I initially agreed with these methods and chose to volunteer to help defend my country. It was not until I was in Iraq and reading secret military reports on a daily basis that I started to question the morality of what we were doing. It was at this time I realized that (in) our efforts to meet the risk posed to us by the enemy, we have forgotten our humanity. We consciously elected to devalue human life both in Iraq and Afghanistan. When we engaged those that we perceived were the enemy, we sometimes killed innocent civilians. Whenever we killed innocent civilians, instead of accepting responsibility for our conduct, we elected to hide behind the veil of national security and classified information in order to avoid any public accountability.
In our zeal to kill the enemy, we internally debated the definition of torture. We held individuals at Guantanamo for years without due process. We inexplicably turned a blind eye to torture and executions by the Iraqi government. And we stomached countless other acts in the name of our war on terror.
Patriotism is often the cry extolled when morally questionable acts are advocated by those in power. When these cries of patriotism drown out any logically based dissension, it is usually the American soldier that is given the order to carry out some ill-conceived mission.
Our nation has had similar dark moments for the virtues of democracy — the Trail of Tears, the Dred Scott decision, McCarthyism, and the Japanese-American internment camps — to mention a few. I am confident that many of the actions since 9/11 will one day be viewed in a similar light.
As the late Howard Zinn once said, “There is not a flag large enough to cover the shame of killing innocent people.”
I understand that my actions violated the law; I regret if my actions hurt anyone or harmed the United States. It was never my intent to hurt anyone. I only wanted to help people. When I chose to disclose classified information, I did so out of a love for my country and a sense of duty to others.
If you deny my request for a pardon, I will serve my time knowing that sometimes you have to pay a heavy price to live in a free society. I will gladly pay that price if it means we could have a country that is truly conceived in liberty and dedicated to the proposition that all women and men are created equal.’
Well I don’t know about you, but I’m moved by that simple and entirely laudable expression of intent. But it wasn’t enough to mollify CBS – “The Army private was given a much lower prison sentence than what was allowable based on his convictions” – or indeed the increasingly visceral Hannanite UK media-wolf pack:
‘He was a ‘mess of a child’ who was tormented for being gay, kicked out of home at 18 by his father and once threatened to stab his step mother with a knife. His own mother drank too much, he could not hold down a job and once literally crawled up a wall because he felt his family were ignoring him.Perhaps it was no surprise then, that Bradley Manning was angry at the world – angry enough to hit back at any figure of authority that was within his grasp. He has now been convicted of leaking classified information but given the troubled life he led Manning was always a time bomb waiting to go off.’

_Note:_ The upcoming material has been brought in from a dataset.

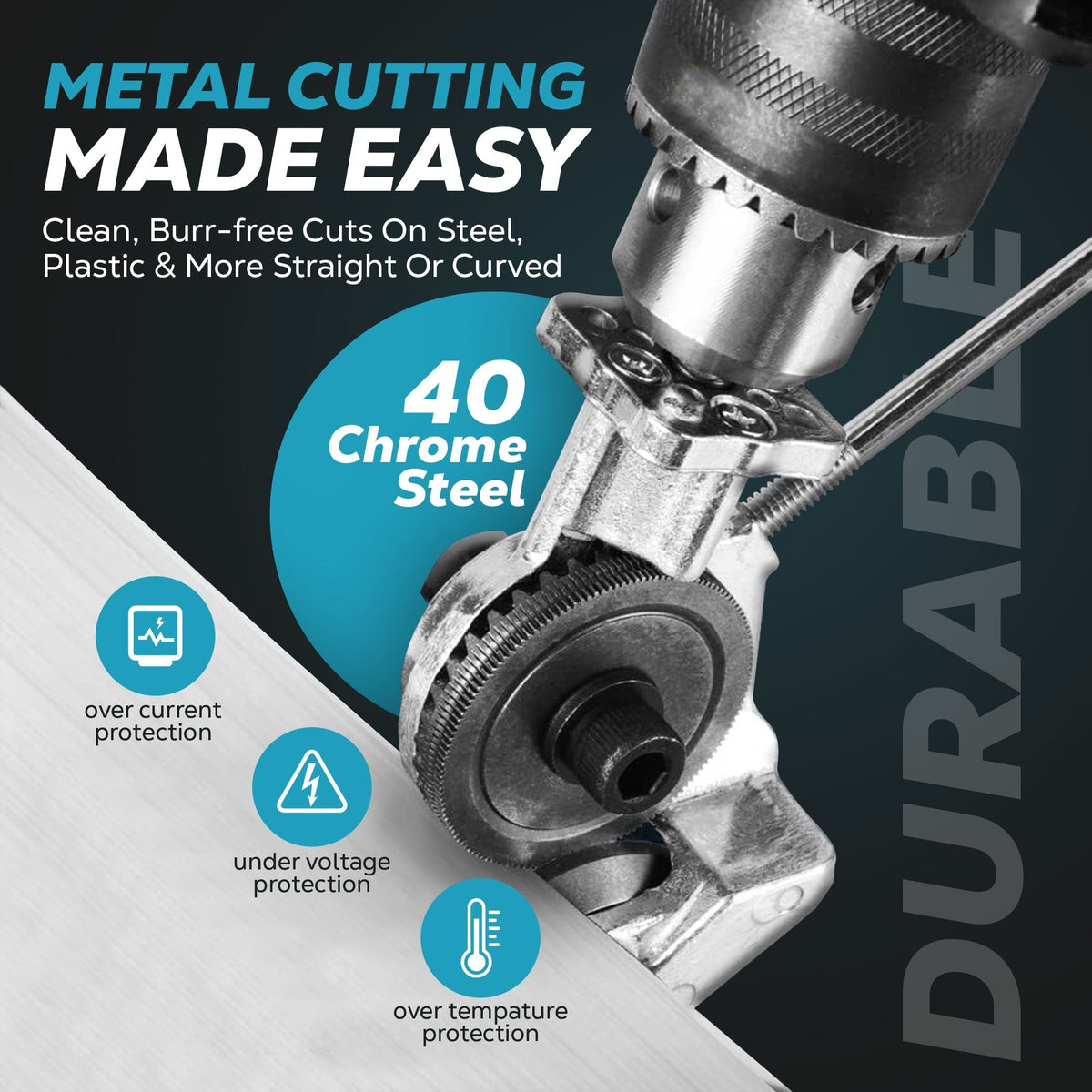 Drill Metal Cutter Attachment with Dual Cutting Wheels for Sheet Tool Blade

Much as I am the last person on Earth to be pc about anything, the Daily Mail totally surpassed itself with this foul slur aimed at anyone who’s mum drank, or is gay, or was bullied at school. It is an insult to all the millions of people round the world who fit one or more of those stereotypes. But chiefly, it is braindead tabloid morality at its worst.
My take would be that despite those awful familial influences, Bradley Manning triumphed over them to do the right thing. But that’s probably just me being a fluffy Leftie, or something. Or an incurable optimist.